Gli iperpuristi dell’ogni organo la sua musica storceranno il
naso come i degustatori extra non permetteranno che la Barbera –la e non il Barbera- si accompagni ai dolci o alla frutta. Penso invece al
godimento di intingere uno spicchio di pesca nel bicchiere pieno.
La micro Camera delle
Meraviglie della parrocchia si accompagna bene con le tele di Caccia Guglielmo detto il Moncalvo della chiesa e della
confraternita, con il metafisico Crosio
secentista e con altre preziosità conservate e curate dall’arciprete. Un
arcivonservatore di beni culturali poco comune nel panorama italiano.
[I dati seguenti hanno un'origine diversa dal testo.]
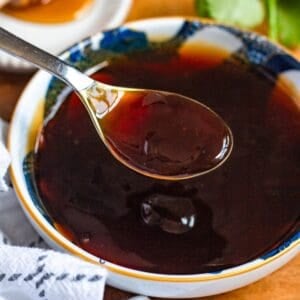 A spoonful of dark 3 ingredient stir fry sauce held over a bowl of the same sauce.
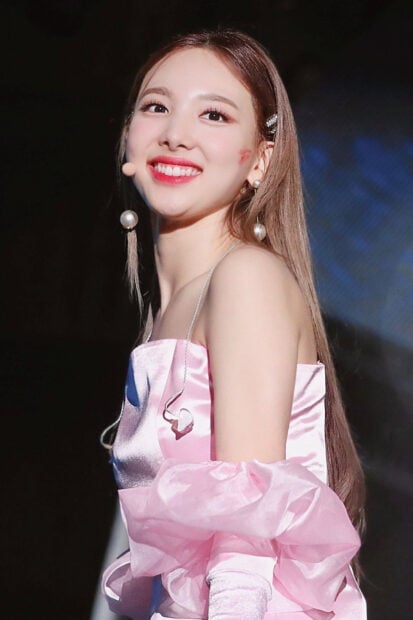 Nayeon Wallpapers showing a bright smile in a pink off shoulder dress during a performance, HD Phone Wallpaper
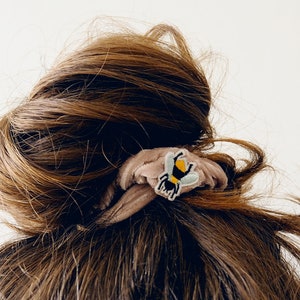 Pu&ograve; includere: Un elastico per capelli marrone con una piccola toppa ricamata a forma di ape. L'ape ha un corpo giallo, strisce nere e ali azzurre. L'elastico &egrave; realizzato in un tessuto morbido e strutturato e viene indossato in uno chignon.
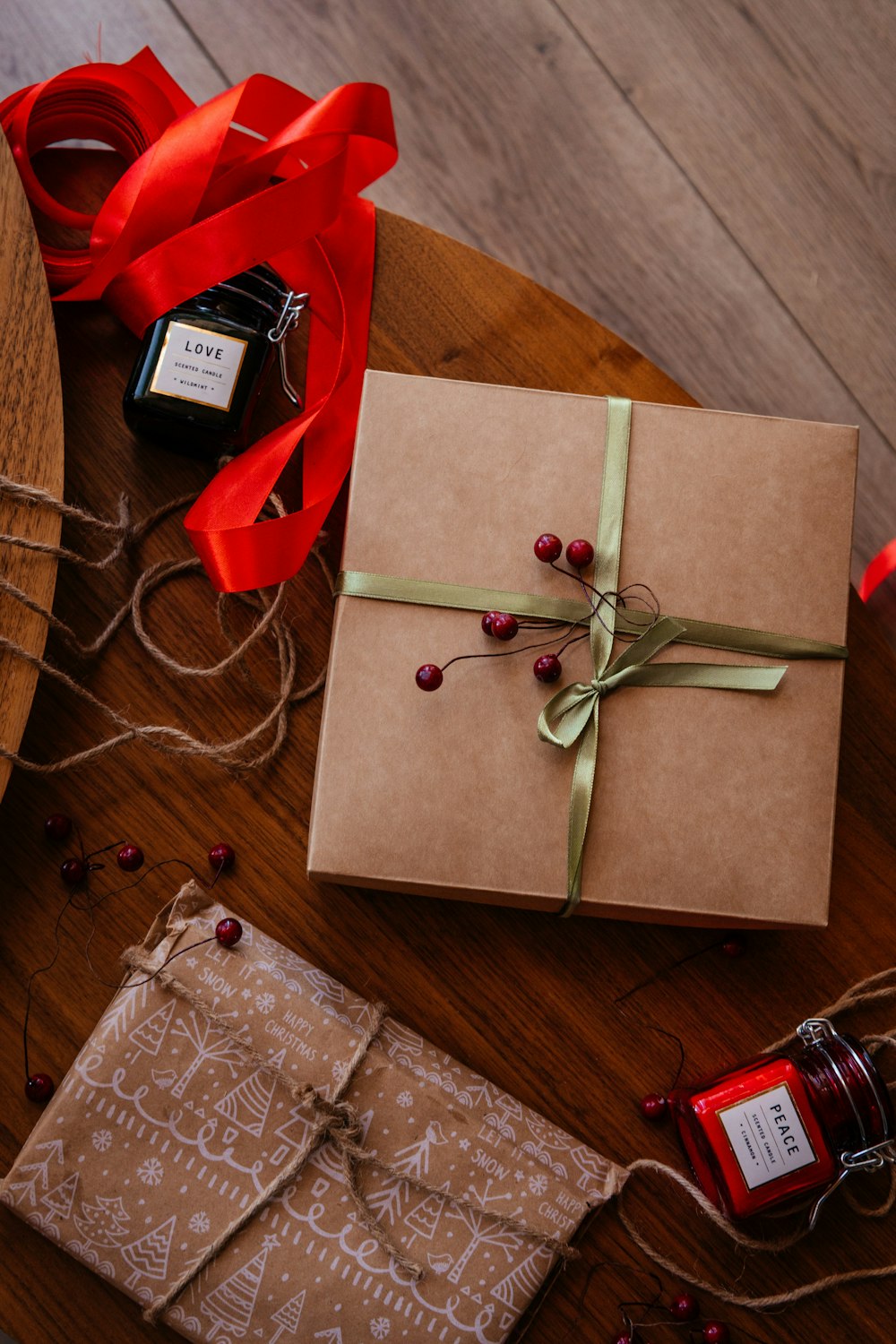 a wrapped present sitting on top of a wooden table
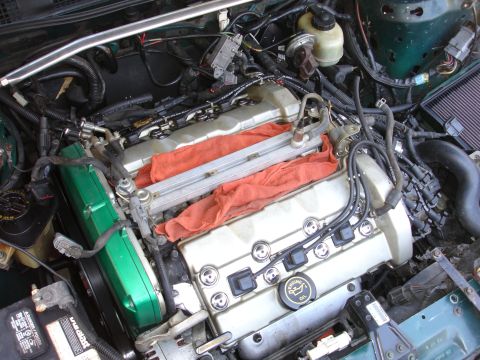 1993 Ford Taurus - Engine bay with various components and wiring, including a green valve cover and silver intake manifold.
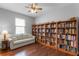 Inviting bedroom featuring hardwood floors, a ceiling fan, a large window and lots of book shelves at 721 Lake Cove Pointe Cir, Winter Garden, FL 34787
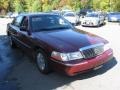 2004 Dark Toreador Red Metallic Mercury Grand Marquis GS  photo #1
Se la vostra vita, come la mia, è un po’ barocca, piena di
volute e di scenografie in cui recitarsi, non dovrebbe mancarvi il vostro
angelo musicante personale. Il mio, quando andiamo tra Monferrato e Langhe,
sembra preso da improvvisa felicità come se i filari di viti fossero spartiti
su cui comporre musiche nuove. Nulla sfugge al suo divertimento armonico. Nella
chiesa di Calliano deliri di altri
angeli musicanti hanno goticizzato fino al paradosso l’organo e trasformato la
navata in un sogno psichedelico di luci e musiche elettriche. L’angelo di Frank Zappa non si troverebbe male. Si
trova benissimo il mio tra i capitelli romanici di san Lorenzo a Montiglio
che forse potrebbero cantare come
quelli di san Cugat a Barcellona. Un canto per interposta
figurazione dove il simbolo rimanda ad una nota e l’insieme ad un inno.
Suggerirei, come dicono i sommeliers invadenti, un Brahms d’annata, quella della sua morte, corale Herzliebster Jesu in cui se leggi al contrario i salti
di settima ai pedali ti sembra di sentire Coltrane. Se poi
ci si è lasciati andare alla Malvasia
anche le passioni gotiche della cappella trecentesca del castello diventano
parkeriane.
Il Basso
Monferrato si stempera con la collina di Torino e il finale di questo
capriccio organistico si avvia su una doppia cadenza. Dal bel vedere di Albugnano finalmente si potrà capire
chi si è, da dove si viene e dove si va, avendo alcuni punti fissi
all’orizzonte. Mantenersi svicc,
mantenersi svegli. Farsi aiutare, prima, durante e dopo il viteltoné –leggi vitello tonnato- dalla Freisa della trattoria XXX.
Sottoporsi al trattamento delle onde sonore del Giovanni Mentasti della
parrocchia, prezioso strumento del tutto autonomo, come spesso succede,
dall’estetica della chiesa. I pericoli in agguato sono due: primo, diventare
santi com’è normale su queste colline. San Giovanni Bosco, San Giuseppe
Cafasso, San Domenico avio e altri più di seconda classe.
Secondo, essere risucchiati dalle meraviglie assolute
dell’Abbazia di Vezzolano poco più in
là, nel verde, e perdere l’orientamento. Una notte, dalla vigna di fronte, ho
sognato il toccasana per me.
Un finale con cadenza d’inganno, aria con da capo, che non
finisce mai. Si può cominciare il pellegrinaggio dell’avvinazzamento
organistico dal fondo, da metà, andare in parallelo, in trasversale, oppure
stare fermi e non muoversi mai. Dipende da cosa e da chi si sta inseguendo. Di Bardassano ho in ghignun, in antipatia, il Serassi n.454 del 1829, di fatto un
capolavoro. Per amordidio, nessuna malinconia. Vicende mie. Punto e basta.
All’Osteria del campanile [che non c’è più, 2017] il
Moscatello fa dimenticare i sogni. Il castello, le case, la torre, i campi sono
quattro parti di un Recercar
frescobaldiano per organo con obligo di cantare
la quinta parte senza toccarla.
Sono io? Siete voi la quinta
parte? Girolamo Frescobaldi: Intendomi chi può che m’intend’io.